■ **Recorded data**:

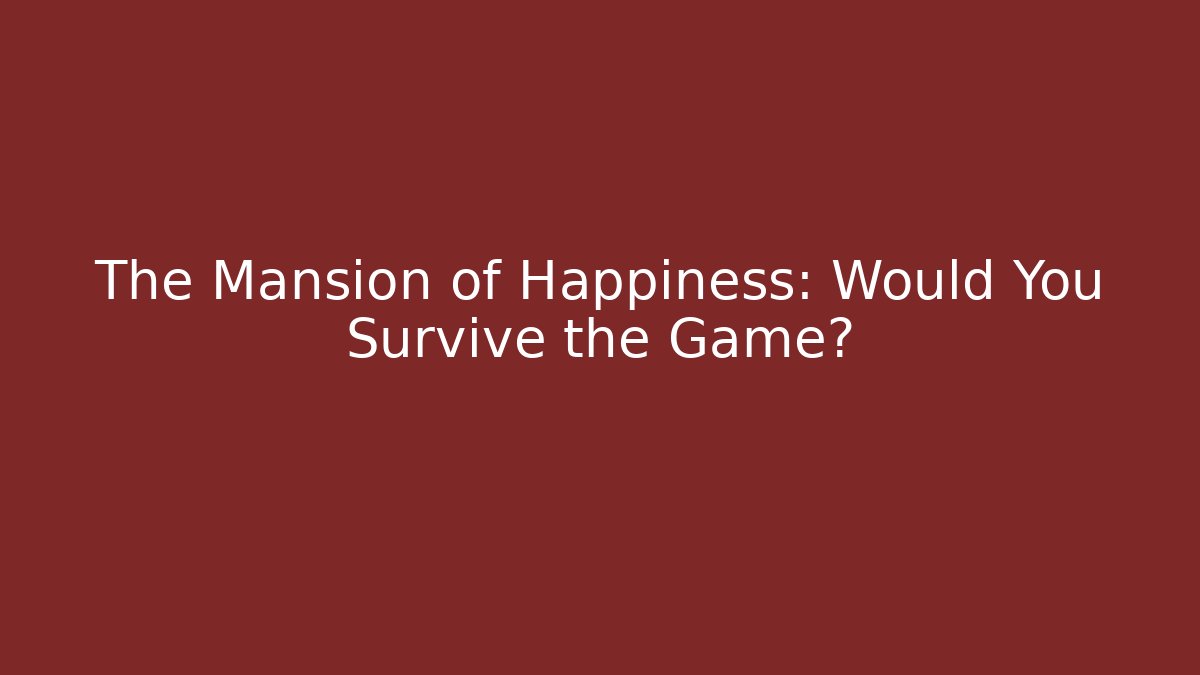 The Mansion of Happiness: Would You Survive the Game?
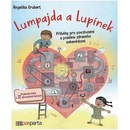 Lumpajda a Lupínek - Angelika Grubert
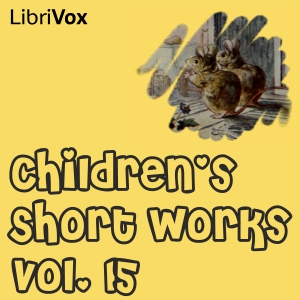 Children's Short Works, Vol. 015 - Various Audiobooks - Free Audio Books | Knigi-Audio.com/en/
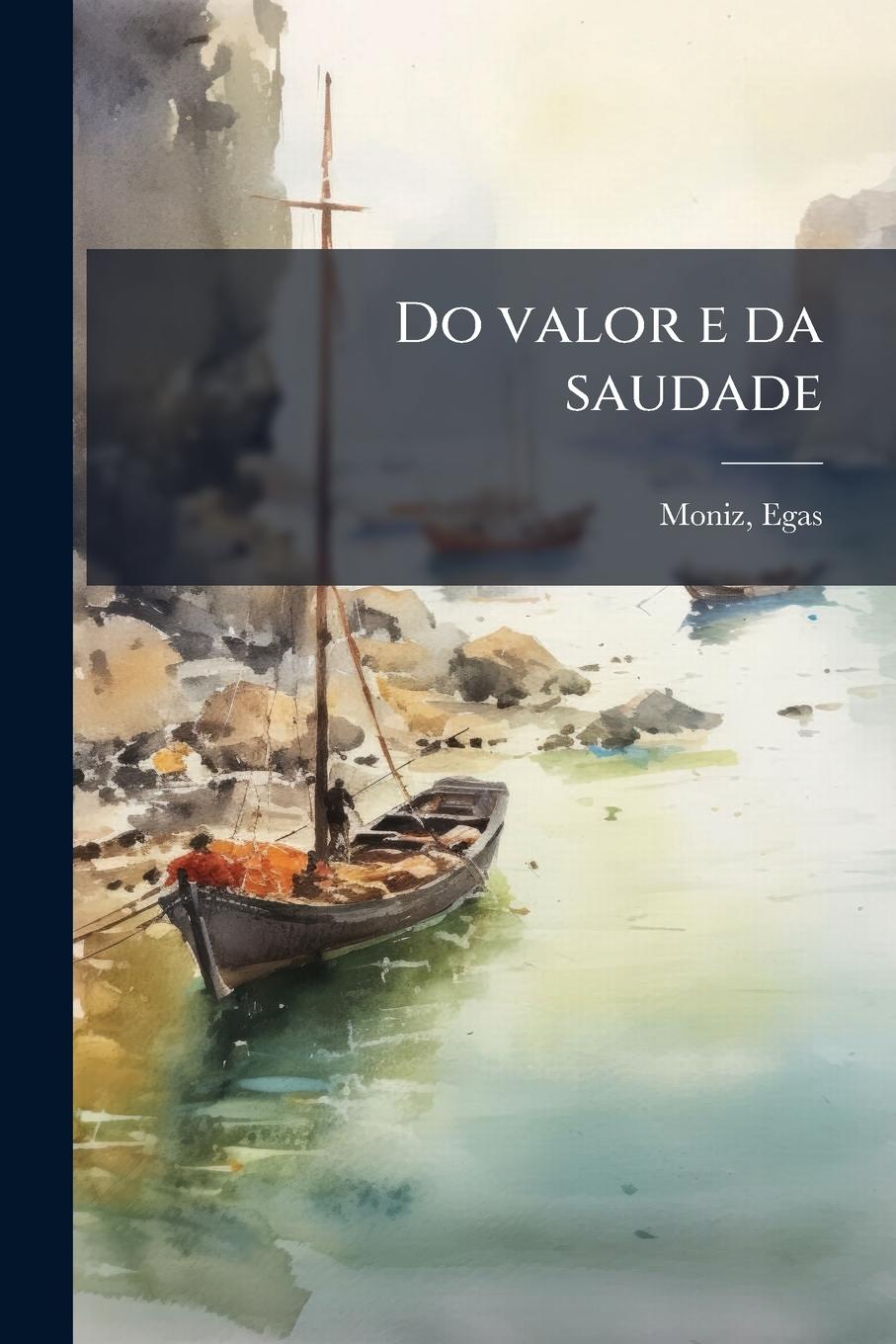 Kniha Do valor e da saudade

■ **Assignment**: Give back the full listing exactly as written, only without its pictures.

■ **Answer to this task**:
 The Mansion of Happiness: Would You Survive the Game?
 Lumpajda a Lupínek - Angelika Grubert
 Children's Short Works, Vol. 015 - Various Audiobooks - Free Audio Books | Knigi-Audio.com/en/
 Kniha Do valor e da saudade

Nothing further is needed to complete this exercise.